Monday, July 06, 2009

He Should Have Stuck To Making Cars

I heard someone, on television, I believe, say that he was our generations' Donald Rumsfeld.

Not quite.

Rumsfeld was far more evil and sadistic, however, equally incompetent

Robert McNamara died today, age 93, the Big Cheese of the Vietnam War, both Kennedy's, and Johnson's Secretary of Defense, the architect of our pouring troops into the needless war.



I don't have a lot to offer.

He came close to making my life hell.

I registered for the draft, nearly a year after I was mandated to, and only because my parents were aghast I hadn't, my WWII Navy veteran father driving me to the draft office.

I sweated it out for a year, before the Selective Service Draft was ended (while I researched Canada at the local library).

We had four guys from the neighborhood come home in body bags (all under the age of 22), and more-than-a-handful returned as junkies, more fucked up than when they left (which, for a few, that was truly unfathomable - and frightening)

No tears flowing on this one.



Will Bunch, over on Attytood, has a great post up;

Robert McNamara died today at age 93. As Secretary of Defense for Presidents John F. Kennedy and more notably Lyndon Johnson in the mid-1960s, it was McNamara who oversaw America's tragic military buildup in Vietnam. That made McNamara -- right up until today's news -- a vivid anti-icon to those Baby Boomers who opposed the war -- and I think you can make the case that his death is that of the most historical significance of the slew of recent "celebrity" passings, no matter how many millions of people are gathering outside the Staples Center to remember the Gloved One.

[snip]

Regardless of your religious or spiritual beliefs, it's hard not to imagine there wasn't some higher purpose to McNamara's longevity. You could argue that it was a cosmic punishment, of sorts, to live so many years with the searing memories of so many who died so horrifically because of his misguided decisions from the comforts of his big desk at the Pentagon. Or you argue that he was still here in the early 2000s as a kind of a warped prophet, a flesh-and-blood monument to the folly of militarism.
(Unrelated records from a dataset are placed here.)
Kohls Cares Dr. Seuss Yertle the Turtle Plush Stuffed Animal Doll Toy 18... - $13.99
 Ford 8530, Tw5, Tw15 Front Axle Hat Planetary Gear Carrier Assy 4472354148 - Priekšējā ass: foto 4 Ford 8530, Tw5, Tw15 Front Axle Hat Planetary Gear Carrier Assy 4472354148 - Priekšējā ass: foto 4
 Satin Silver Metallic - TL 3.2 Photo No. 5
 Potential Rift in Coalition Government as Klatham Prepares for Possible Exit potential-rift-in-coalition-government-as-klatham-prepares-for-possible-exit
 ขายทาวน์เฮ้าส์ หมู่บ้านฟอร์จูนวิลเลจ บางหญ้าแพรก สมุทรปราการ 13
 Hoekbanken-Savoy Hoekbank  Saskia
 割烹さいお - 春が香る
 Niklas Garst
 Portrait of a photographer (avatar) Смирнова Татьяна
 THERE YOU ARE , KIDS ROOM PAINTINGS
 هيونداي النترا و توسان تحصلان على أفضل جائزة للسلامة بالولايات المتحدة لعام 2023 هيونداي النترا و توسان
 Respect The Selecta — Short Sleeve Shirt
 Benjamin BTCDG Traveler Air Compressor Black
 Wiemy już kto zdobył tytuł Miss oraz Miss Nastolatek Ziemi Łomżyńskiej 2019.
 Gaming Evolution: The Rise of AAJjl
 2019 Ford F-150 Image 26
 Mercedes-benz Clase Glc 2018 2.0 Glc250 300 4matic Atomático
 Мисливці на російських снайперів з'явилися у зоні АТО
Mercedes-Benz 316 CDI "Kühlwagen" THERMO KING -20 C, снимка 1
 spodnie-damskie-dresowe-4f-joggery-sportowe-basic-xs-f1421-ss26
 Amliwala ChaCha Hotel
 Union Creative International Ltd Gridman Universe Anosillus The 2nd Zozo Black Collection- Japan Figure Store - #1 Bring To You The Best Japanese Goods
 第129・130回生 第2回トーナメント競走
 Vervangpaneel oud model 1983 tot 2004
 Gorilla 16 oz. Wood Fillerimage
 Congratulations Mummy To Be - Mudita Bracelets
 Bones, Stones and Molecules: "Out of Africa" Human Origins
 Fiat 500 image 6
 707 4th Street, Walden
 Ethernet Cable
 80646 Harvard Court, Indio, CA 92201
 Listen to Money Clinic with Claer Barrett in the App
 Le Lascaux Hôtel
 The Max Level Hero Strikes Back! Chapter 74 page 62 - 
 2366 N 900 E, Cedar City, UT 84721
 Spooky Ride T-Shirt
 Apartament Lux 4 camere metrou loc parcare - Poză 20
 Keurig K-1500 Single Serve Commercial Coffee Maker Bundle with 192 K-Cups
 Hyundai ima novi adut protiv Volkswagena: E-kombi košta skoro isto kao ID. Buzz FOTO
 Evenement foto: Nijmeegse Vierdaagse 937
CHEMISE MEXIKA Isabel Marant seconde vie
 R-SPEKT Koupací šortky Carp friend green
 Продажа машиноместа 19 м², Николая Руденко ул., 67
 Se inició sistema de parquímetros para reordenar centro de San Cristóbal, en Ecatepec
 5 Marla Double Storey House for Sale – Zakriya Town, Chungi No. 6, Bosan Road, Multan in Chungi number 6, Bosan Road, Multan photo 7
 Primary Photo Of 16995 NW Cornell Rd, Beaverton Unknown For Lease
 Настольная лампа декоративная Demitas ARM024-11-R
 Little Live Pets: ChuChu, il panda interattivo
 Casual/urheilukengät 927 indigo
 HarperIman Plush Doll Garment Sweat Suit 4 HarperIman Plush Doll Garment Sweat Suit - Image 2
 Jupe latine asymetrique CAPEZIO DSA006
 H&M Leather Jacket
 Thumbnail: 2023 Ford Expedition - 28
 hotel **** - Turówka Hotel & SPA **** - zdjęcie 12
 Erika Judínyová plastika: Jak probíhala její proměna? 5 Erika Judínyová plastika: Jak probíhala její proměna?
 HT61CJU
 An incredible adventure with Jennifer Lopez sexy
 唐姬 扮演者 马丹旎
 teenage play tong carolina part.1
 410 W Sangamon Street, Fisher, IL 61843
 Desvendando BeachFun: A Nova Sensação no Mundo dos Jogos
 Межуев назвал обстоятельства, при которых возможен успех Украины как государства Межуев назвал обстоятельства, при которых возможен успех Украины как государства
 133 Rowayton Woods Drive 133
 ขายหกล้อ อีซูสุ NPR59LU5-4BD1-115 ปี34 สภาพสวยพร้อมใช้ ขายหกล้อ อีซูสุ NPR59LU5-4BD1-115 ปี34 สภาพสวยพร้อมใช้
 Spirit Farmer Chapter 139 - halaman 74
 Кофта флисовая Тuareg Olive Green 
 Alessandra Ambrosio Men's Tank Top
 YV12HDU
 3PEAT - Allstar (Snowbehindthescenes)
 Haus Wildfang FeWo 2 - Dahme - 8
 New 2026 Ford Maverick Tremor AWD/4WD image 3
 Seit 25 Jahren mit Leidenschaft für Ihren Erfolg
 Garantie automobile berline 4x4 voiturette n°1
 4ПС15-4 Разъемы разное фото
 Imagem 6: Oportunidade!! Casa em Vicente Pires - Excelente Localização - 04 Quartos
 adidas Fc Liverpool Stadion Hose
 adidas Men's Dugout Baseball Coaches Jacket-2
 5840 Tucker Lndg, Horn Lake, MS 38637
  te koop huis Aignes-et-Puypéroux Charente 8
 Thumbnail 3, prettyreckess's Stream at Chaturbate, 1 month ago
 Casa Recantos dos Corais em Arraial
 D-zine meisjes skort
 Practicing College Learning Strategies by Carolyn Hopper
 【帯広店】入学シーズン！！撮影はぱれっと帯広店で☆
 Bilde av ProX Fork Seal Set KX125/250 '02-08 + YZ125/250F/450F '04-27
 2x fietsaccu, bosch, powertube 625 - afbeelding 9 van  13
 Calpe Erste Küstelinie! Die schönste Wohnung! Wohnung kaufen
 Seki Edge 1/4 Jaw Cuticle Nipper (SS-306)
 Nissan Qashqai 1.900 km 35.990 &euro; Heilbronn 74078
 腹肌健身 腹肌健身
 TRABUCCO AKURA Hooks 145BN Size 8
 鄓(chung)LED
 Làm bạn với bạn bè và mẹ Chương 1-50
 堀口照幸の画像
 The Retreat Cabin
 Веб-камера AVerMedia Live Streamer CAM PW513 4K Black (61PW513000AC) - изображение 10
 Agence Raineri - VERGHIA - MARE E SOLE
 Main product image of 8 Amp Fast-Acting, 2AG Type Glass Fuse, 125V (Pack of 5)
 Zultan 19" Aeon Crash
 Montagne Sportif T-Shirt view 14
If that is true, then the fact that America refused to pay any attention is Robert McNamara's greatest tragedy of all.
He should have stuck to making cars ...


Bonus Links

Robert Stein: Death of the Best and Brightest

Tyler Cowen: Robert McNamara passes away

Melissa McEwan: RIP Robert McNamara

Spencer Ackerman: I Hate Myself When I Think Of You

Kevin Drum: R.I.P. Robert McNamara

Susie Madrak: R.I.P. Robert McNamara, Former Secretary of Defense and Prime Architect of the Vietnam War

Fog of War

Battlefield: Vietnam


Update Update

Check out Osha Gray Davidson's post, on Mother Jones - "Regretfully Ours, Robert S. McNamara"

Also, "Commentary: Galloway on McNamara: Reading an obit with great pleasure", by Joseph L. Galloway, McClatchy Newspapers (and a H/T to @GregMitch)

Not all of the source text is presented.